Despite their strained partnership, Hannah and Alan ended up winning DWTS. In her memoir, Hannah shares a journal entry from the night she won the show. In it, she reflects on feeling "empty" after her big win.

"I didn’t hear them announce my name as the winner, because I was perplexed by how numb I felt. Why wasn’t I excited?" she writes. "... I was happy for the excitement and celebration Alan was feeling, but the feeling I had was 'Well . . . I did it. What’s next?' I hate admitting this. It shouldn’t have been that way. I worked so hard but I was so miserable. Winning and having no feeling, and still feeling defeated because the high wasn’t all you thought it would be I think is more heartbreaking than losing and feeling the sting of the defeat."

She and Alan's relationship has improved exponentially since the show; they've made TikToks together, and she's openly supported him and his partner, Amanda Kloots, on the current season of DWTS.

She's Learned a Lot Since She Sang the N-Word on Instagram Live

On May 16, 2020, Hannah "started drinking at 11 a.m. -- and never really stopped." Drinking was something she'd been doing a lot more of since coming off of The Bachelorette as "another way of avoiding big problems." She didn't question her increased alcohol consumption until that night, when she got on Instagram Live and sang the N-word.

"If you had asked me when I was sober, I would have told you that of course saying the N-word is wrong and not in my vocabulary," she writes. "A white person should never say it, under any circumstances, even when singing along and it’s right there in the lyrics. But on that night, I was so drunk that I truly didn’t know I said it."

During the Live, Hannah "reacted very defensively" when commenters began to call her out, and was in "a state of total drunken, nervous embarrassment," she writes. The next day, the reality sunk in. 

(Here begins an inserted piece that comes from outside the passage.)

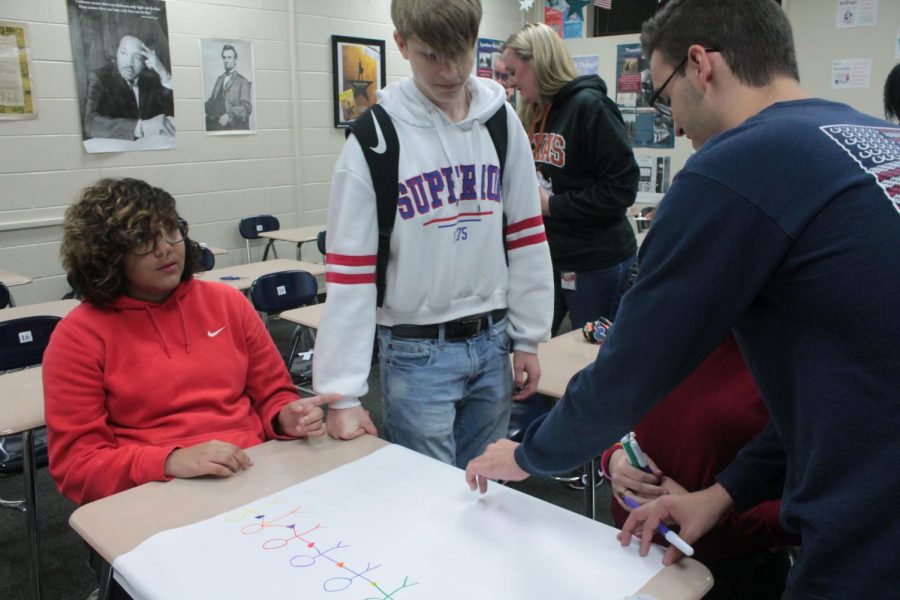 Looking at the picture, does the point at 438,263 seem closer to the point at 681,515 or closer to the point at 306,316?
the point at 681,515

"It was so out of character, and so very wrong -- all kinds of wrong. I felt sick. I started crying uncontrollably. I wanted to apologize to everyone and talk about it, but I also knew that I had stepped into something that was much bigger than I knew how to handle," she writes. "Plus, I was in no shape to talk. I needed to fully understand what I’d done, the repercussions of it... I was filled with shame."

She lost her endorsement deals and cried her "eyes out for days on end," before becoming "humbled by the education that resulted from that moment." 

Hannah hired an ethnic studies professor, who led her through an "extensive personalized training" on " the history of race, racism, and white privilege in the United States."

"I didn’t feel as if I could have conversations about race before it happened. That’s just not something a southern Christian white girl from Alabama has any place or practice doing," she writes. "But now? It’s not even a 'could' thing. It’s a 'should' thing. I’m trying to focus on that, and not let this moment go away."

The experience, Hannah writes, made her want to "work to be part of the solution. To raise my voice and to help others learn from the mistake I made, which I own, and for which I am very, very sorry. I promise to try to do better for the rest of my life."

After all the ups and downs detailed in her memoir transpired, Hannah found a therapist, who allowed her "to feel, and to grieve, and to deal with my own emotions, so I could finally move forward instead of staying stuck in the mud."

"After a year of self-reflection, and breathing, and writing, I can honestly say I’m a changed woman. I am shocked at how little time it took to really start to change for the better," Hannah writes. "I was so worried about taking the time I needed, and addressing my past, and so anxious about looking in the mirror, and so scared about not knowing where I was going or what came next -- and it turns out that none of those things were nearly as difficult as my anxiety led me to believe."